PRI’s “The World” examines the role of churches in the fight against HIV in Swaziland. The news service highlights several church-run HIV programs, writing, “Churches have long played an important role in caring for the sick, but in terms of HIV prevention they’ve been at odds with the public health community. It has often come down to one issue: until recently, Swazi church leaders publicly rejected the use of condoms by their congregants. But now you hear many comments that suggest a change in thinking.”
The Center for Global Health Policy’s “Science Speaks” blog reports on a panel discussion hosted on Wednesday by the Consensus for Development Reform and the Modernizing Foreign Assistance Network in Washington, D.C. “Foreign assistance experts discuss[ed] the George W. Bush administration’s legacy on global development, focusing on lessons learned and applying them to the next decade and beyond,” and a central theme was the engagement of the private sector, the blog writes.

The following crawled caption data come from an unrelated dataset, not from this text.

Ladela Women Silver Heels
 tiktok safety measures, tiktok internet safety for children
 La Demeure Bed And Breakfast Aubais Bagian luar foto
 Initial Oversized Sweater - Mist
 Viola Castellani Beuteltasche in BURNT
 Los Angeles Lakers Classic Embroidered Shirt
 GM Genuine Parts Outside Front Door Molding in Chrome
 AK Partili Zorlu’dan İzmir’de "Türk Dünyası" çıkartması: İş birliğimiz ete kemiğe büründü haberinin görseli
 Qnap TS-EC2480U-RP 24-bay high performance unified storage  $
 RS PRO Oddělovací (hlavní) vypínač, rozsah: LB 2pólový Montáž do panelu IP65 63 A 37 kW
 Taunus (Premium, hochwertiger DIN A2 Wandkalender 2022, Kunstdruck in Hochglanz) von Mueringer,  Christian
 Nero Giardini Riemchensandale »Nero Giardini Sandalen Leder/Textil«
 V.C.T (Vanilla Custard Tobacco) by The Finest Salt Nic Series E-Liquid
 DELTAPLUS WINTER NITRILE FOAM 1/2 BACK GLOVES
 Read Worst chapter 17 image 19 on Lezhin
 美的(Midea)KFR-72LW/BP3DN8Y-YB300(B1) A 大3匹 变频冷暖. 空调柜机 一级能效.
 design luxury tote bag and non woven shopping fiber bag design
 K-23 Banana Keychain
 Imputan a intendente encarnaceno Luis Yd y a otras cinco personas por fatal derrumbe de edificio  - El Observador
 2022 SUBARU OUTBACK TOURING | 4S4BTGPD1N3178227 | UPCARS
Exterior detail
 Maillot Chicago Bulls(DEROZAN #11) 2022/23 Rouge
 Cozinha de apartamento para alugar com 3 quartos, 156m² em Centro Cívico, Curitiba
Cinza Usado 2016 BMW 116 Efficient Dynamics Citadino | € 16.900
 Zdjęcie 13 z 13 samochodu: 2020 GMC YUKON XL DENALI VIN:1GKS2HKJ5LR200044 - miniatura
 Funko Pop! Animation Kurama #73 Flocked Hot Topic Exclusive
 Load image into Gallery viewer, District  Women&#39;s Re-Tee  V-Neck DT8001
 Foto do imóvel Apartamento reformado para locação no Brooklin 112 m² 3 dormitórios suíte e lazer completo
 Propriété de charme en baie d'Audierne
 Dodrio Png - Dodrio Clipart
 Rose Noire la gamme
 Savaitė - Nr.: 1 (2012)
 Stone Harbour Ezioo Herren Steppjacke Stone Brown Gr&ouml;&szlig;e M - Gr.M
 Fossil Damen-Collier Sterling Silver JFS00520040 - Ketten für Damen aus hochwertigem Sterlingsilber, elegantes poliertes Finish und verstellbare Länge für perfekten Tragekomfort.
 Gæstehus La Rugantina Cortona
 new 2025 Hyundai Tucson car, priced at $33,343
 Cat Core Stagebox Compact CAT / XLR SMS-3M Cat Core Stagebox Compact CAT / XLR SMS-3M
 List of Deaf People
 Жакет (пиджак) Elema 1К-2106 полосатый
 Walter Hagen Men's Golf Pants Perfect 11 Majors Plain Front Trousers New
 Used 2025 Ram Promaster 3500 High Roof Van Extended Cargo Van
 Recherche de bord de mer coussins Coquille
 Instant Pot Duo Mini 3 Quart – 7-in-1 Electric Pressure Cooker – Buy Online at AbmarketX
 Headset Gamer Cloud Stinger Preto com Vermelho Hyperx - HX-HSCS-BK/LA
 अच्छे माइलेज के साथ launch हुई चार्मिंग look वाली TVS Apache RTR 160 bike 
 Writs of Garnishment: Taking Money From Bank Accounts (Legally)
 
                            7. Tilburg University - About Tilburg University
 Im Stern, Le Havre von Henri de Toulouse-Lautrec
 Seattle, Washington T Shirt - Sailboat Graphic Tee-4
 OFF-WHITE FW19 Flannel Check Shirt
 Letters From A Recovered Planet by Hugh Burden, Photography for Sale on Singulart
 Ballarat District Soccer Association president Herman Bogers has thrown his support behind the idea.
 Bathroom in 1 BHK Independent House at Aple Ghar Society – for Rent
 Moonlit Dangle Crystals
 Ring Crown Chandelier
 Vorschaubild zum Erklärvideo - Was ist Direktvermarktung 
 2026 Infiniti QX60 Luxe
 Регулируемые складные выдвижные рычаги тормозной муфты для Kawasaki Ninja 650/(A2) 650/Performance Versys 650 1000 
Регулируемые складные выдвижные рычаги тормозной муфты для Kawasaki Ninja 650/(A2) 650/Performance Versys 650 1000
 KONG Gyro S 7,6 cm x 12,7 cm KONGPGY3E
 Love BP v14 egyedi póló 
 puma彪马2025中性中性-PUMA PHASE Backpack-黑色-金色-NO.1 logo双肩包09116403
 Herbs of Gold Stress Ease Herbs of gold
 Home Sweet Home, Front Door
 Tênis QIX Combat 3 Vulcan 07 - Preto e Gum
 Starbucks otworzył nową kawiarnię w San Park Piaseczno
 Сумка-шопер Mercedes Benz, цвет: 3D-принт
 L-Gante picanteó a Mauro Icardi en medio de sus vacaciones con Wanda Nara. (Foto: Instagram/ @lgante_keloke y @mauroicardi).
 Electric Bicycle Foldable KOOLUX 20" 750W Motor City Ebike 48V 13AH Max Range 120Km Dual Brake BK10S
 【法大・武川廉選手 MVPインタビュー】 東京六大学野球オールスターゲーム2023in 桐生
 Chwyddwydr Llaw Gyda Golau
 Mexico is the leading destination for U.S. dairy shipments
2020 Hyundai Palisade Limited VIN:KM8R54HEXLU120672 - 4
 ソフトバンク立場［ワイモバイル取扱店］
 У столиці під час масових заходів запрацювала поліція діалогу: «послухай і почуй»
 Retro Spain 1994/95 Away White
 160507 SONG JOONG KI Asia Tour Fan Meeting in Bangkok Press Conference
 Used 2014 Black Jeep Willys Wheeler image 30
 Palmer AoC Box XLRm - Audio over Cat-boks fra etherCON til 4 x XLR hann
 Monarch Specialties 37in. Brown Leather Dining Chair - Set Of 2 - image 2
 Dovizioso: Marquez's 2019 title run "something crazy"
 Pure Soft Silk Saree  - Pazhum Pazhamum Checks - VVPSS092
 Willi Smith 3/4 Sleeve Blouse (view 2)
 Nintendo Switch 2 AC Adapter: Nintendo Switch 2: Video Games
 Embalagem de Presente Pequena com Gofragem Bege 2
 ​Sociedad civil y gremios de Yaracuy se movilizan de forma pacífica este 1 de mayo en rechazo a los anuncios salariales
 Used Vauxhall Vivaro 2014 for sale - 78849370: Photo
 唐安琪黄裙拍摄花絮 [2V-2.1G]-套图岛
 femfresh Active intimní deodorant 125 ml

Panelists highlighted the Millennium Challenge Corporation and PEPFAR, according to the blog (Mazzotta, 3/29).
Ethiopia’s new HIV/AIDS workplace policy, instituted in January by the government in cooperation with the country’s main employees’ and employers’ associations, “is expected to protect job seekers from mandatory HIV tests, while facilitating voluntary counseling and testing and defending the right of employees living with HIV to medical leave or job re-allocation,” PlusNews reports. The policy “provides guidelines for the establishment of an AIDS fund to help employees cope with living with the virus” and “stipulates that employers will make the necessary investments to ensure universal precautions in workplaces to protect employees from HIV infection, and … put in place a post-exposure prophylaxis system for their workforce,” the news service writes. Tadele Yimer, president of the Ethiopian Employers Federation, said, “What we hope [the new policy] will do is bring about an agreed consent and uniform approach among employers to fight HIV/AIDS nationally,” according to PlusNews (3/26).
Inadequate Government TB Program, Lax Drug Sale Regulations Contributing To MDR-TB Cases In India, Health Groups Say
“India’s inadequate government-run tuberculosis [TB] treatment programs and a lack of regulation of the sale of drugs that fight the disease are responsible for the [increasing] number of drug-resistant cases that are difficult to treat,” health advocacy organizations said in India last week, the Associated Press/Huffington Post reports. “India adds an estimated 99,000 cases of drug-resistant TB every year, but only a tiny fraction of those infected receive the proper” six- to nine-month antibiotic regimen, according to the AP. In India, government-run TB treatment programs only provide drugs to patients on alternate days, increasing the likelihood of missed doses, and patients increasingly are turning to private physicians who are unaware of how to treat the disease, Medecins Sans Frontieres in India and other health groups said, the news agency reports. “The Indian government had no response Friday to requests for comment on the activists’ allegations,” the AP writes (Naqvi, 3/23).